View Children vs Content Children
View Children |
Content Children |
The Children or child element located within the HTML template of a component is normally known as View Children. |
The elements that are used between the opening and closing tags of the parent element of a given component are known as Content Children. |
We should use @ViewChildren when we want to add the element that we are trying to use directly to the component itself. |
We can use Content Children to obtain the reference to the content that has been projected within the component using |
Demo 1. ViewEncapsulation.None
In this demo, we first created one child component and used it in the root component as a nested component. Initially, we do not provide any options related to the view of encapsulation. So, at first it's basically a simple parent-child relationship-based component. Also, in the root component, we used some custom stylesheet-related files to apply some CSS-based styles.
app.component.ts
import { Component } from '@angular/core';
@Component({
selector: 'app-root',
templateUrl: './app.component.html',
styleUrls: ['./custom.css']
})
export class AppComponent {
private message: string = 'Welcome to Angular 8';
constructor() {
}
}
app.component.html
<h2>Demostration of View Encapsulation</h2>
<div>
<h1>{{message}}</h1>
</div>
<child></child>
custom.css
h1 {
color: red;
font-weight: bold;
font-size: 30px;
text-align: center;
text-transform: uppercase;
}
h2, h3 {
color: blue;
font-size: 20px;
}
child.component.ts
import { Component } from '@angular/core';
@Component({
selector: 'child',
templateUrl: 'child.component.html'
})
export class ChildComponent {
public title: string = 'This is a Child Component';
}
child.component.html
<div>
<h1>{{title}}</h1>
</div>
Now if we check the result in the browser, the output will be like this.
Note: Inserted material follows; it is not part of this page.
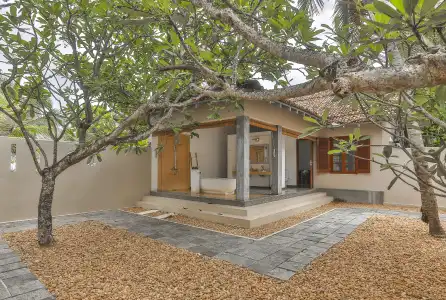 The Frangipani Tree by Edwards Collection - 72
So, as per the output, it is clear that since we have used the styles in the root component, it will apply the styles against the <h1> tag. It is not applied in the child component because we didn’t use the style in that component. Now, in the root component, we just enabled the view encapsulation mode as below.
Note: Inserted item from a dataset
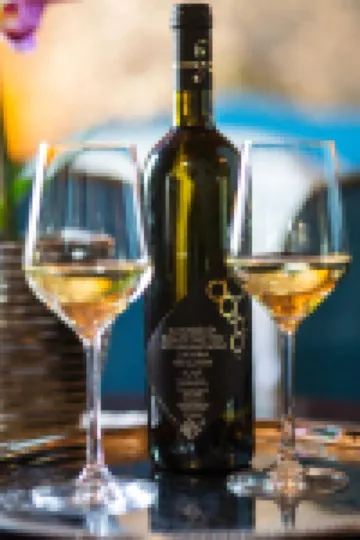 Heritage Hotel Pasike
import { Component, ViewEncapsulation } from '@angular/core';
@Component({
selector: 'app-root',
templateUrl: './app.component.html',
styleUrls: ['./custom.css'],
encapsulation: ViewEncapsulation.None
})
export class AppComponent {
private message: string = 'Welcome to Angular 8';
constructor() { }
}
Now check the output in the browser.
Now, in the above output, the Same style has also been applied in the child component due to the view encapsulation. Now if we inspect the HTML element in the browser, then we will identify that the style-related code has been placed in the header section of the HTML file and that’s why it is applied to both parent & child components.
Demo 2. ViewEncapsulation. ShadowDOM
Now, in this demo, we will check how to use View Encapsulation with Shadow DOM options. For this purpose, make the below changes in the app-root component.
import { Component, ViewEncapsulation } from '@angular/core';
@Component({
selector: 'app-root',
templateUrl: './app.component.html',
styleUrls: ['./custom.css'],
encapsulation: ViewEncapsulation.ShadowDom
})
export class AppComponent {
private message: string = 'Welcome to Angular 8';
constructor() {
}
}
Now check the browser for the output which is the same as previous one. But if you inspect the HTML element in the browser, you can see that style-related code has been scoped within the component selector.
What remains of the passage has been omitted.